A única incógnita diz respeito à
proporção de sua vitória eleitoral,
pois o único outro candidato,
Francisco Xavier do Amaral, não
tem possibilidade alguma de vencer.
A expectativa da população
quanto à transição final para a independência total de Timor Leste
é enorme. Nas eleições de agosto
passado para escolher os membros da Assembléia Constituinte,
o índice de participação foi superior a 90%, e a previsão é que seja
muito alta também desta vez.
Pela primeira vez em sua história, os próprios timorenses serão
responsáveis pelo processo eleitoral, cuja realização está nas mãos
de cerca de 6.000 cidadãos, sob
supervisão internacional. O processo contou com a ajuda de 1.600
observadores nacionais e cerca de
240 internacionais, entre os quais
os enviados pela União Européia
formam o grupo maior.
Tanto Xanana Gusmão quanto
Francisco Amaral integram o histórico partido Fretilin. Este organizou a resistência durante os 24
anos de ocupação indonésia e, nas
eleições de agosto passado, obteve
a maioria na Assembléia (55 cadeiras). Mas o Fretilin é o único
partido que não expressa seu
apoio a nenhum dos dois candidatos.
As diferenças de opinião entre o
partido e Xanana Gusmão foram
se aprofundando com o tempo.
Segundo a Constituição, que é
inspirada na portuguesa, o futuro
presidente terá poderes muito limitados. Assim, será vital para
Xanana conseguir o máximo possível de votos, para contrastar
com os 62,5% dos votos obtidos
pelo Fretilin em agosto.
"Tem de ser Xanana"
"Xanana Gusmão é o único que
pode ser o primeiro presidente de
nosso país independente", afirmou à Folha, com os olhos brilhando de emoção, um morador
de um povoado próximo a Dili
(capital) que se identificou apenas
como Antônio. Devido ao passado colonial ligado a Portugal, uma
pequena parte da população de
Timor Leste ainda fala português
ou tem nome português. A língua
oficial, no entanto, é o tetum.
Antônio é chefe da comunidade
onde habita. Sua longa barba
branca e seus modos afáveis deixam transparecer seu carisma. Estamos num dos últimos comícios
eleitorais na capital, e, apesar de
acreditar profundamente em Xanana, Antônio quer lhe fazer algumas perguntas sobre como ele
pensa desenhar o futuro do país.
A campanha eleitoral de Xanana Gusmão se baseou em conceitos como reconciliação, estabilidade e desenvolvimento. O que é
certo é que o novo presidente terá
de enfrentar uma situação econômica extremamente complicada.

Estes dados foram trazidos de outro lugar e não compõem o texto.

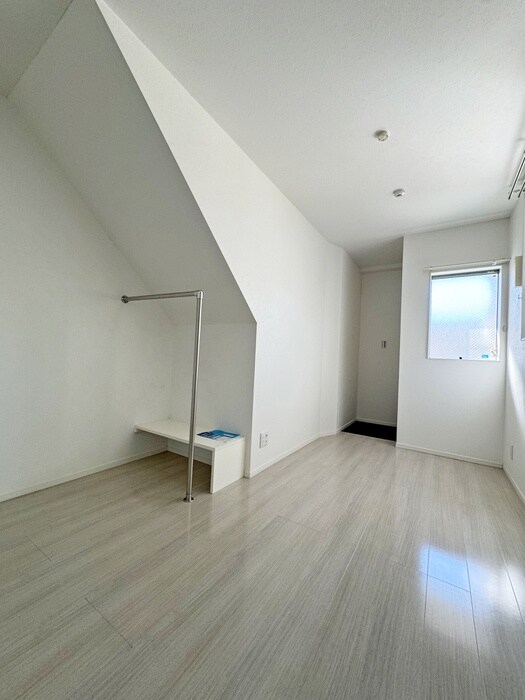 物件内観写真10　(居室)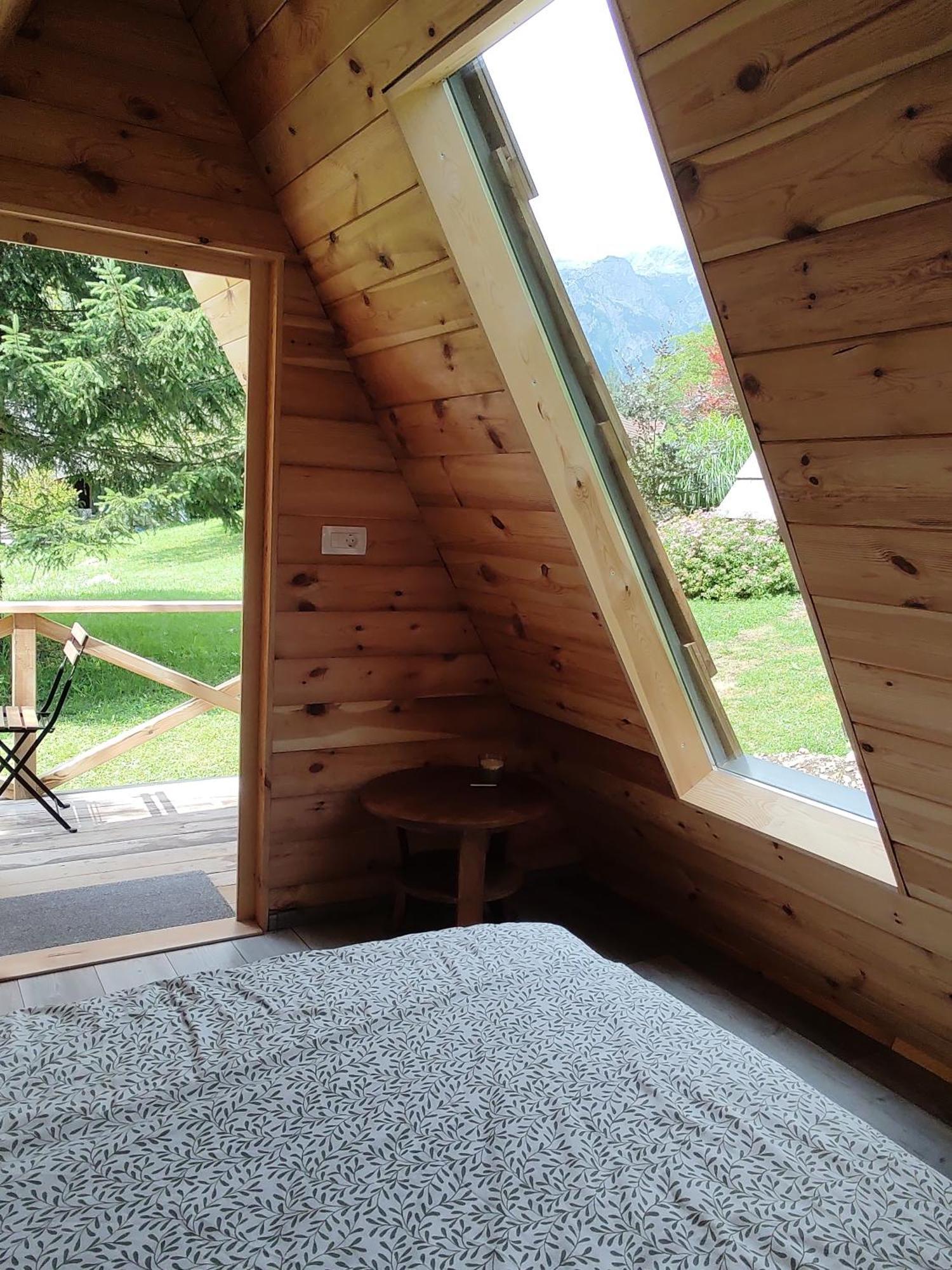 Apartamento Lepa Lopa Stahovica Habitación foto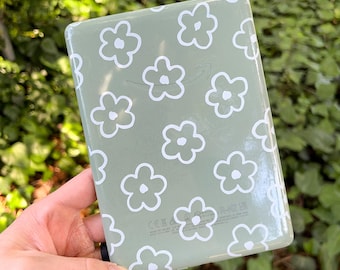 Clear Kindle Skin with White Daisies: Transparent Floral Vinyl Wrap for Paperwhite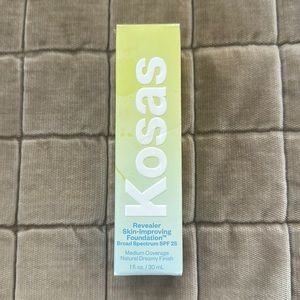 Kosas Revealer Foundation in Shade 180
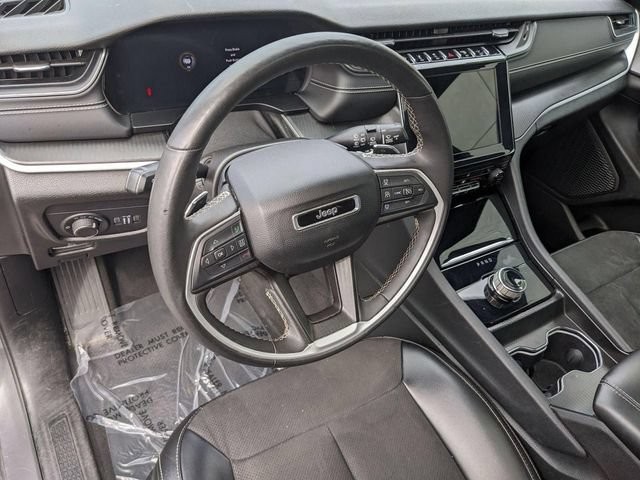 Certified 2024 Jeep Grand Cherokee Altitude AWD/4WD image 11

O novo presidente vai assumir
em 20 de maio, na grande festa da
independência. Pode-se imaginar
o que isso vai significar para a população de Timor Leste, depois de
tanto sofrimento.
Uma pista da estrada que dá
acesso a Dili está sendo consertada para estar pronta para o grande acontecimento: o primeiro
nascimento de um novo país no
novo milênio.
"Muitas personalidades públicas do mundo inteiro vão vir para
cá, e precisamos estar preparados", comenta Jorge, um motorista de táxi de Dili.

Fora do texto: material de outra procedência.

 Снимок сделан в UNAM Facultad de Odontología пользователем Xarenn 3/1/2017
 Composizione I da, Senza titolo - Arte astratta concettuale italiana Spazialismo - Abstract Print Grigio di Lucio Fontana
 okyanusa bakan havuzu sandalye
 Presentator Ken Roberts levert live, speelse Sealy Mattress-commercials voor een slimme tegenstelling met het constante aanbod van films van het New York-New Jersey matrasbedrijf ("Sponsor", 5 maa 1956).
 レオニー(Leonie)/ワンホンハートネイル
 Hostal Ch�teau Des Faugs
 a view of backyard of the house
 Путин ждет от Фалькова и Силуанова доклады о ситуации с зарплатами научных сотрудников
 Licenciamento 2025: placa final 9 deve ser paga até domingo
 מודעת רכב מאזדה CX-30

Apesar disso, nos dias seguintes
à posse, a maior parte das forças
internacionais de paz, lideradas
pela Austrália, assim como parte
dos funcionários da ONU, vai deixar Timor Leste, com todos os
seus equipamentos, e o país terá
de encarar seu futuro sozinho.
A inevitável dolarização da economia motivada pelos dois anos e
meio de missão da ONU deixará
rastros importantes. No momento, a subsistência de Timor está
vinculada à injeção de capital proporcionada pelos estrangeiros.
Certo de sua vitória, embora
não o diga, Xanana já programou
para 19 de abril uma viagem internacional para recolher fundos e
investimentos para Timor, com a
primeira parada prevista para
Portugal. Não será tarefa fácil.
Saindo de Dili, a capital timorense onde fervilham diferentes
atividades, o ambiente muda radicalmente. O desemprego aumenta de maneira drástica, e a
pobreza, ainda mais.
Também se torna mais visível e
generalizada a destruição operada pelas milícias pró-indonésias
após o referendo de 1999, que levou à independência.

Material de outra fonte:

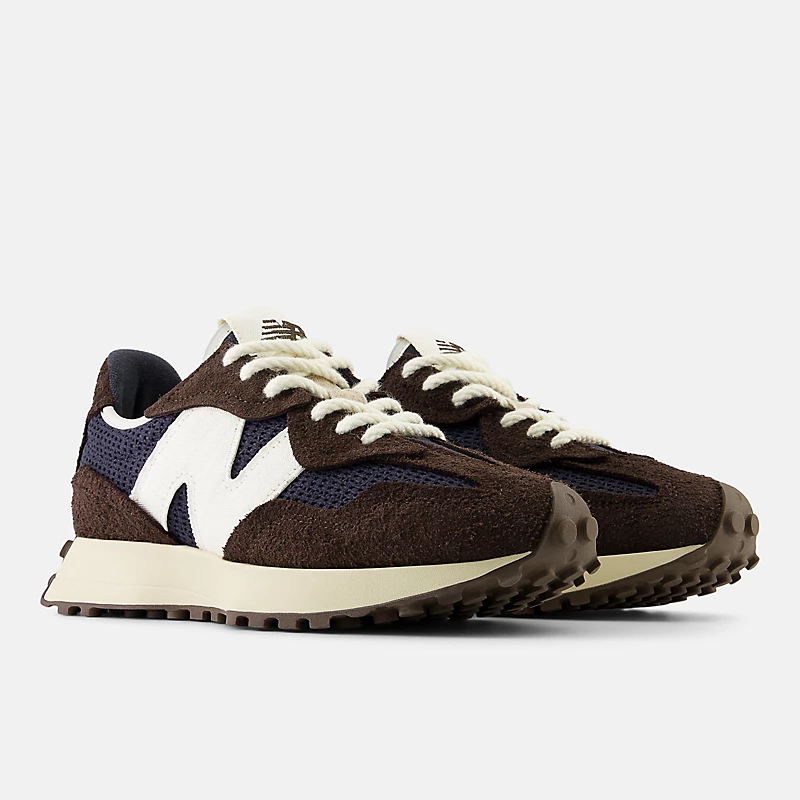 Unisex 327 - Bogata Ziemia z Fantomem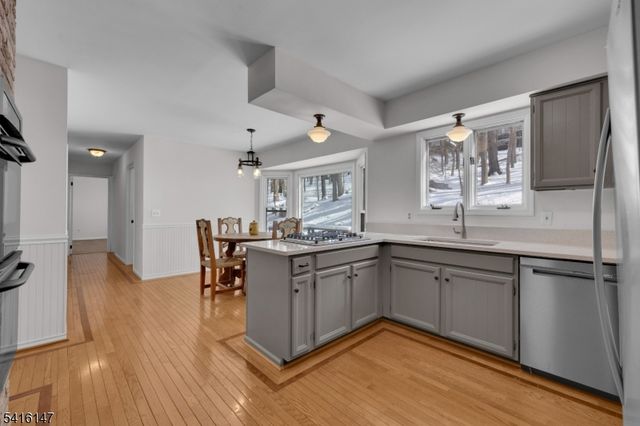 30 Cardinal Rd, Allamuchy Twp., NJ 07840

As milícias literalmente queimaram e destruíram o país, sob o
olhar atônito da comunidade internacional, que tinha organizado
o referendo, mas sem exigir o deslocamento de tropas.
Ainaro é a capital de um distrito
ao sul de Dili, onde vivem cerca de
10 mil pessoas. Depois do referendo de 1999, cerca de 90% da cidade foi reduzida a escombros, e,
desde então, apenas 20% do que
foi destruído foi reconstruído.
Boa parte da população não tem
trabalho.
Nesse distrito pode-se encontrar um mínimo de economia de
subsistência: na parte mais baixa
cultiva-se o arroz, e nas montanhas, café. Algumas famílias
criam animais. Mesmo assim,
imaginar que é possível sobreviver dessa maneira é pura utopia.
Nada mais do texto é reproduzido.